As we move further into 2017, economic statistics will be subject to their annual benchmark revisions. High-frequency data such as any accounts published on or about a single month is estimated using incomplete data. It’s just the nature of the process. Over time, more comprehensive survey results, as well as upgrades to statistical processes, make it necessary for these kinds of revisions.
There is, obviously, great value in having even incomplete data estimates published in as close to real time as can be possible right now. Most of the time there aren’t major revisions to a data set because by and large growth is to some degree predictable. That is the essence of trend-cycle subjectivity, as government statisticians in the past had been able to more easily determine the trajectory for whatever economic data and use it to further construct the trend-line for measured monthly variation.
The problem, equally obvious, is for any period where the assumed trend becomes obsolete. In the past, that had typically meant a recession, for any statistical series always has difficulty with inflection due to the basic premise of using the recent past to try to measure the near future. Such a short-term discrepancy was something we could all live with because if whatever piece of information didn’t exactly tell us when the inflection was reached we would anyway soon enough be able to easily infer it by common sense at least.
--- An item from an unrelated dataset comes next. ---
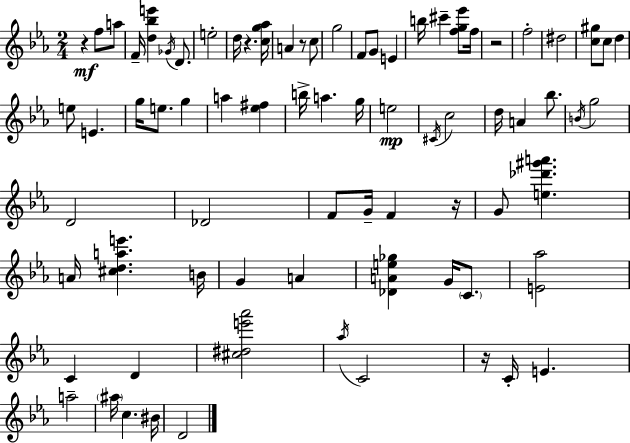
R/q F5/e A5/e F4/s [D5,Bb5,E6]/q Gb4/s D4/e. E5/h D5/s R/q. [C5,G5,Ab5]/s A4/q R/e C5/e G5/h F4/e G4/e E4/q B5/s C#6/q [F5,G5,Eb6]/e F5/s R/h F5/h D#5/h [C5,G#5]/e C5/e D5/q E5/e E4/q. G5/s E5/e. G5/q A5/q [Eb5,F#5]/q B5/s A5/q. G5/s E5/h C#4/s C5/h D5/s A4/q Bb5/e. B4/s G5/h D4/h Db4/h F4/e G4/s F4/q R/s G4/e [E5,Db6,G#6,A6]/q. A4/s [C#5,D5,A5,E6]/q. B4/s G4/q A4/q [Db4,A4,E5,Gb5]/q G4/s C4/e. [E4,Ab5]/h C4/q D4/q [C#5,D#5,E6,Ab6]/h Ab5/s C4/h R/s C4/s E4/q. A5/h A#5/s C5/q. BIS4/s D4/h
This “recovery” period was at first modeled by trend-cycle analysis as a recovery. That was evident across a range of statistics but to the most visible extreme with Industrial Production. The Fed’s subjective assumptions about the state of US industry produced self-reinforcing guidance about that agency’s forward assumptions of the state of the economy (IP was growing steadily, therefore QE must be working). The data issue, then, is revealed where recovery, at least one consistent with past recoveries, doesn’t occur. If that was to be the case, then even the most robust statistics like IP with its almost 100 years of data would encounter serious and significant problems accurately depicting what was really going on – meaning that the data series reflected more subjectivity than actual results.